My latest experiment has, however, moved away from simply presenting chapters of fictional prose as online pages. Instead I've decided to try and tell a story through pre-existing textual paradigms, specifically online course outlines and lecture notes, a kind of information I've spent a good deal of time working on as part of my job (here's an example: the website for my stage three course in Travel Writing).

I therefore wrote and compiled two fictional course-outlines, Banned Books & Crisis Diaries: each complete with reading lists, lecture schedules, and assignment outlines. The novella I ended up writing (due out from Titus Books next year as part of a larger volume of short fiction) masqueraded as a folder of notes compiled by the teacher of these two courses.

It's titled, accordingly, Coursebook found in a Warzone, and is set in a slightly future version of right here. The putative author of the texts in this folder may have been killed by a sniper, or he may simply have lost his briefcase while crossing the war-torn city (I imagine it a little like 80s Beirut or 90s Sarajevo ... or perhaps modern Baghdad). In any case, the story comes to an abrupt stop. That's one of the reasons that it's subtitled "A Whodunit." There are numerous hints throughout at the author's guilt - or at any rate complicity - in certain crimes. Unusually for the detective genre, though, the crime may be harder to identify here than the culprit.

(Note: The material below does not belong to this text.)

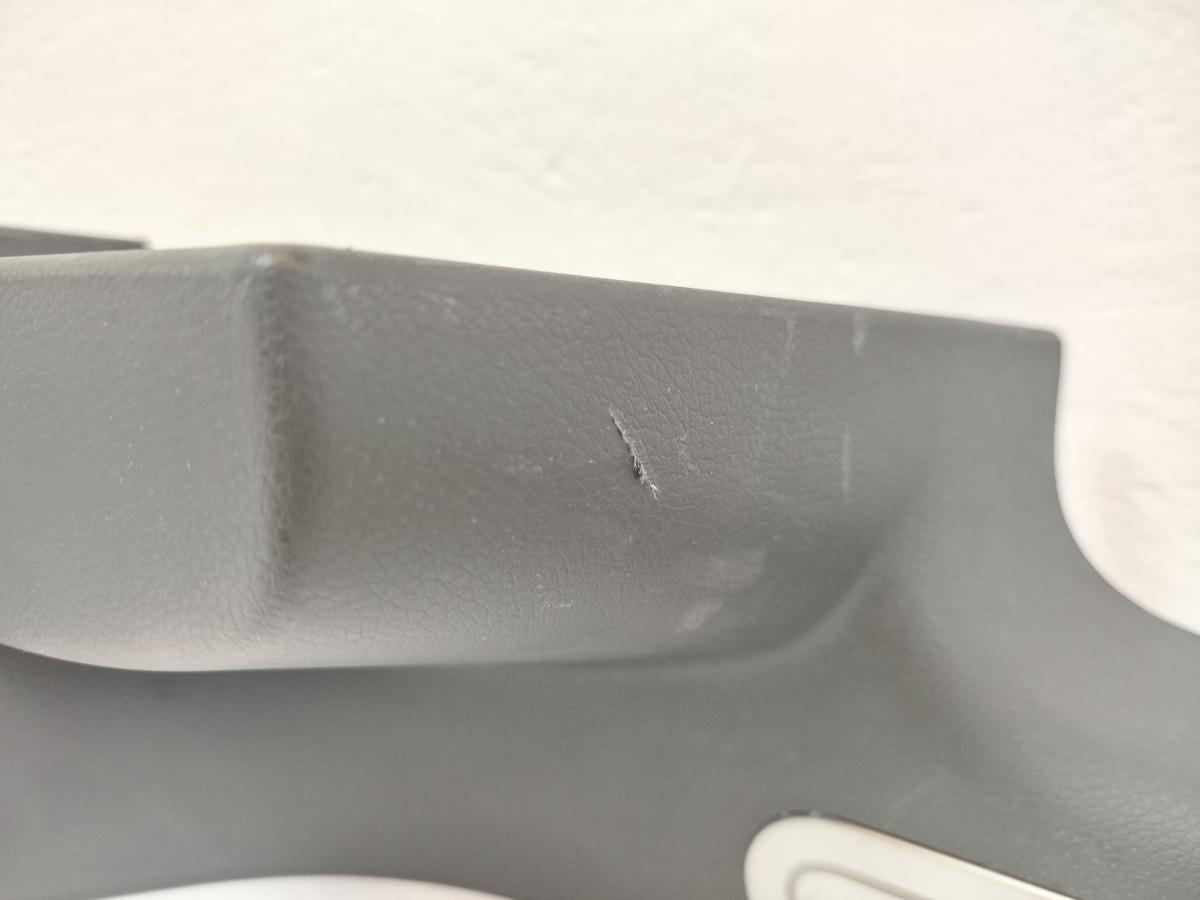 Smart #1 HX11 Pulse Verkleidung Einstieg hinten rechts mit beleuchteter Leiste Smart #1 HX11 Pulse Verkleidung Einstieg hinten rechts mit beleuchteter Leiste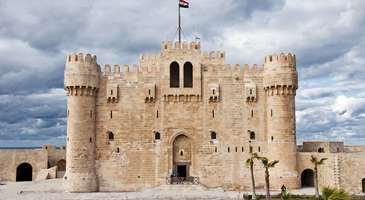 Kayıtbay Kalesi’nin görkemli mimarisine tanıklık edin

I think the advantage of this new twist on the internet-as-writing-medium is that it makes use of the kinds of texts which already exist online. Readers of my novella can easily consult the course outlines online, but that won't necessarily help them in understanding the nature of the story. Just as Samuel Richardson in the eighteenth century first wrote a set of letters as an educational primer to polite discourse, then, captivated by the possibilities of the form, composed the world's first epistolary novel, I think it's more interesting to adapt aspects of one's writing to the dictates of the new medium than simply to use it as a mirror of the old.